**Work instructions**: An exact copy is all that is wanted: the lines from the one with "Lot of AmScope" through the end of the listing below, both included, minus any pictures.

**Data shown**:
------------------------------------

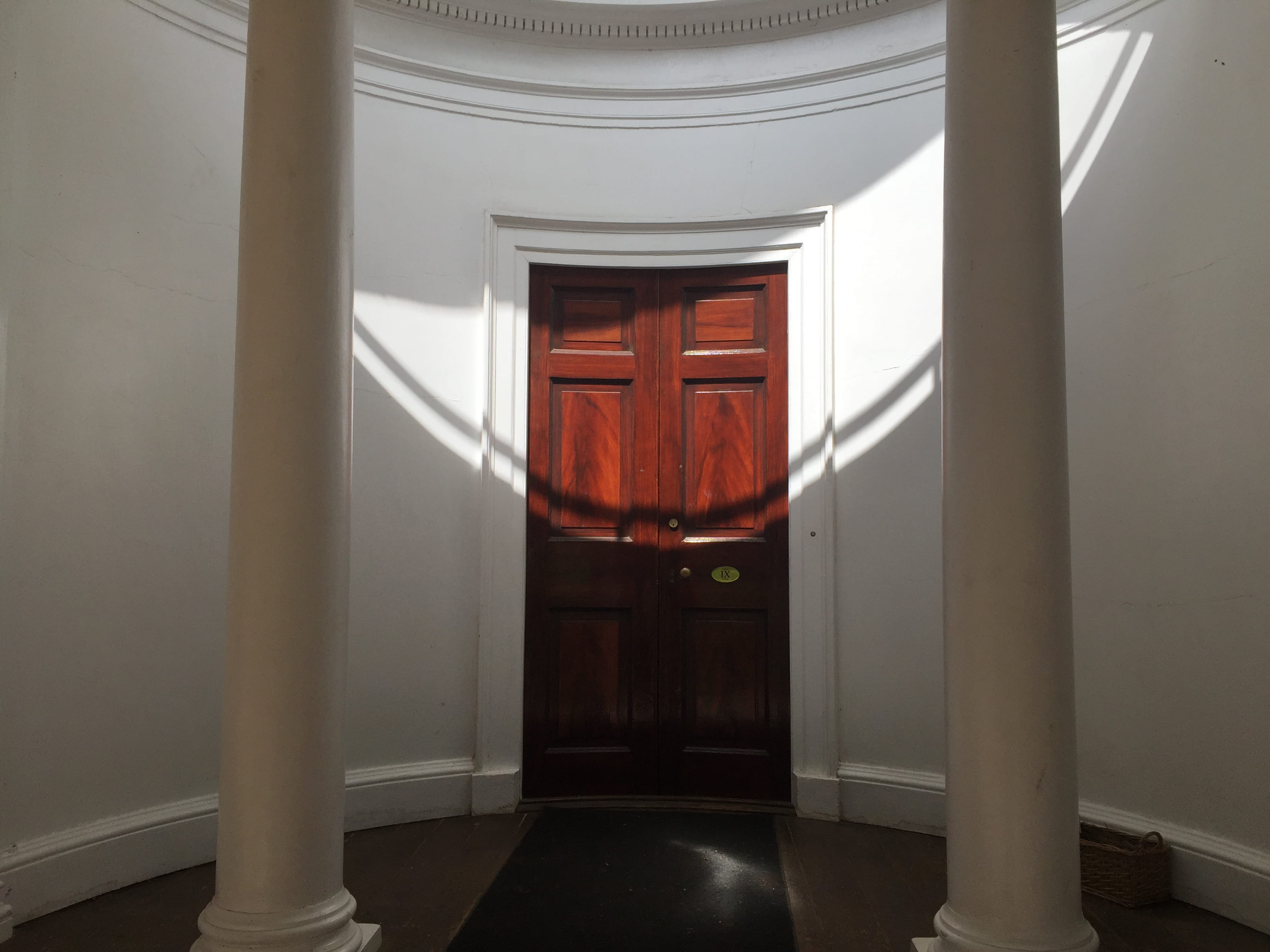 indoors, interior design, united states, pillar, corridor, close, housing, entrance, pavilion ix, architectural column, illuminated, no people, charlottesville, HD Wallpaper
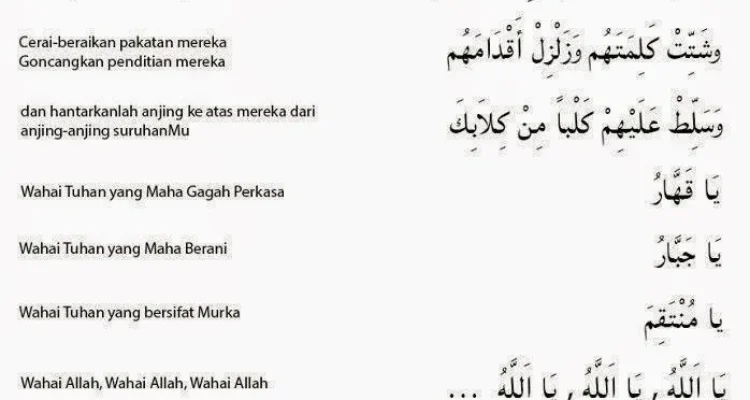 doa qunut nazilah bacaan lengkap untuk kajian masjid: Teks Arab, Latin, dan Terjemahan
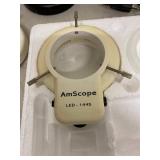Lot of AmScope Fluorescent & LED Microscope Ring Lights Parts FRL8 LED-144S Ushio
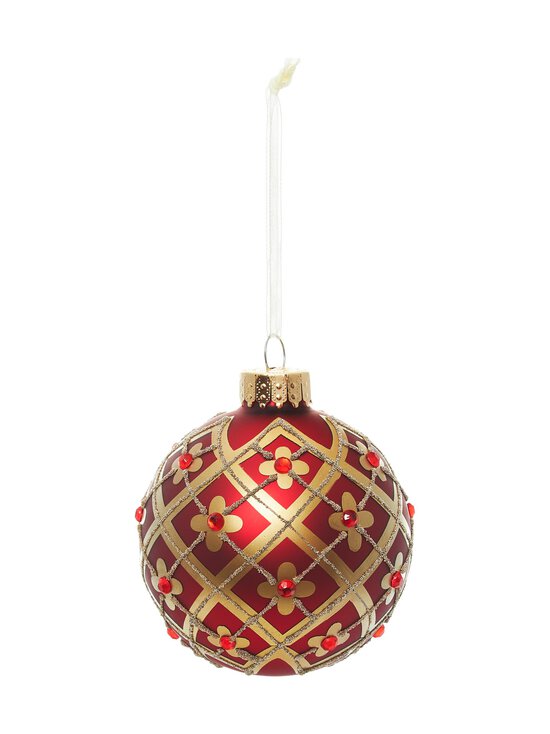 Villa Stockmann - Glass Jewelry Ball -joulukoriste - RED | Stockmann - photo 2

------------------------------------

**Solution to the problem**:
Lot of AmScope Fluorescent & LED Microscope Ring Lights Parts FRL8 LED-144S Ushio
 Villa Stockmann - Glass Jewelry Ball -joulukoriste - RED | Stockmann - photo 2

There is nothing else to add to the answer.